Looking for some advice - we've applied for a power upgrade to a school (circa 500kVA) and the DNO have given us the option of 2No 400A cut-outs from the same the same transformer. The supplies will be terminated into separate cut-outs and my question is, does everything in front of the meter need to be split across the 2 supplies or can it be considered as a general parallel supply? It feels like a slightly unorthodox way of supplying a single building and feel there's quite a high risk from an isolation point of view, LV interleaving etc.

Parents
  • does everything in front of the meter need to be split across the 2 supplies or can it be considered as a general parallel supply?

    If you're thinking of connecting the two supplies together to make one 800A supply, I'd say definitely not - isolation considerations alone (pull the fuses on one and it's still live from the other) would be a nightmare let alone ensuring equal sharing of the current when the two supply cables aren't necessarily quite the same lengths.

    If it was some large industrial setup with private transformers you might be looking at bus couplers to parallel the supplies and switch-over systems to allow either supply to feed the entire installation (perhaps with load shedding),  if one supply went down, but that sort of thing seems a bit OTT for a school situation.

      - Andy. 

Reply
  • does everything in front of the meter need to be split across the 2 supplies or can it be considered as a general parallel supply?

    If you're thinking of connecting the two supplies together to make one 800A supply, I'd say definitely not - isolation considerations alone (pull the fuses on one and it's still live from the other) would be a nightmare let alone ensuring equal sharing of the current when the two supply cables aren't necessarily quite the same lengths.

    If it was some large industrial setup with private transformers you might be looking at bus couplers to parallel the supplies and switch-over systems to allow either supply to feed the entire installation (perhaps with load shedding),  if one supply went down, but that sort of thing seems a bit OTT for a school situation.

      - Andy. 

Children
  • seconded on the 'they may not share well' comment, even if co-located.I presume they would be two independently metered supplies that get added together on the bill,. If the DNO are not prepared to parallel them up before they get to you, then you should assume they can't be paralleled afterwards.

    So if possible divide the loads in a way that has some logic and so the labelling of isolators can be understood- so that the whole of one block is on one supply, and some other more or less equally  large zone is on the other, It may just be worth arranging the ability to flip a large load (kitchens  maybe ?) from one to the other but only if it is not divvying up well.

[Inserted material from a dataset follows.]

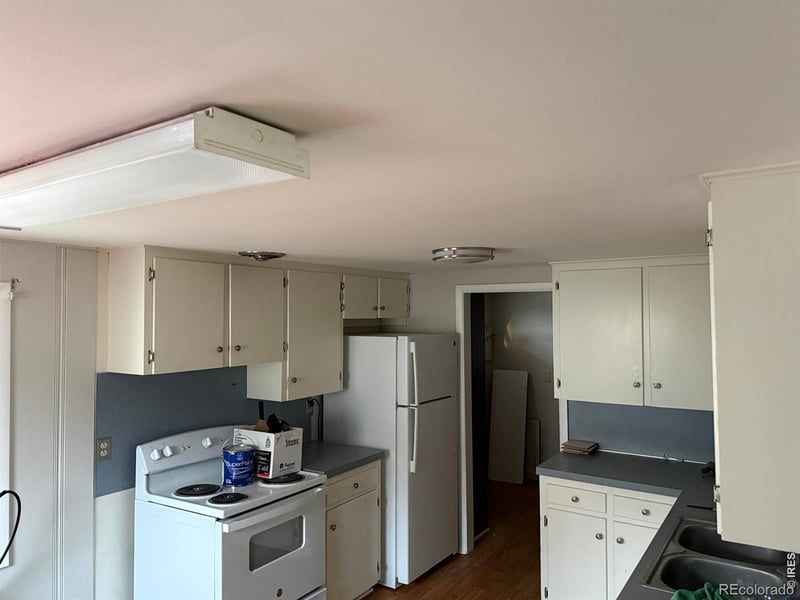 119 Pine St, Log Lane Village, CO 80705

    It may also be worth asking the DNO engineers how they are doing this, and why, as a supply upgrade more commonly involves the arrival of one new fatter cable, and a disconnection of the old thinner  one - it seems a bit odd, and there will be a reason.

    Mike

  • as a supply upgrade more commonly involves the arrival of one new fatter cable, and a disconnection of the old thinner  one

    I suspect it's a case of they just don't do LV connections above 400A (sometimes 315A) - they don't have the gear and trying to get loop impedances right for lager fuses might be a challenge. For very large customers they'd go for supply at HV and let the customer sort out the transformers, but that's probably a bit too demanding for school, so they've come up with a bit of a compromise.

       - Andy.

  • I think thats it - they can't give us anything more than 400A from an LV outgoing way on the Tx. I'm very much new to this particular project but given the age of the existing switchgear it'll be quite tricky (and costly) to alter to suit the 2 separate supplies. It might actually be easier to upgrade the Tx and have a single point of supply.

    Thanks for the responses Andy/Mike

  • Perhaps a silly question,  but what is driving the need for the supply upgrade at all - is a lot of new buildings or new loads being addded ? it may be easier to do the split ' old stuff' / newstuff on on the two supplies  ?

    Mike.

  • Hi Mike, we're installing an ASHP as well as a WWHP - both really load heavy pieces equipment (>150kW). 

  • maybe that is the logical load split for now then...

    Mike.

  • A job lot of thick woolly jumpers would be a lot cheaper!

    Hi Mike, we're installing an ASHP as well as a WWHP - both really load heavy pieces equipment (>150kW).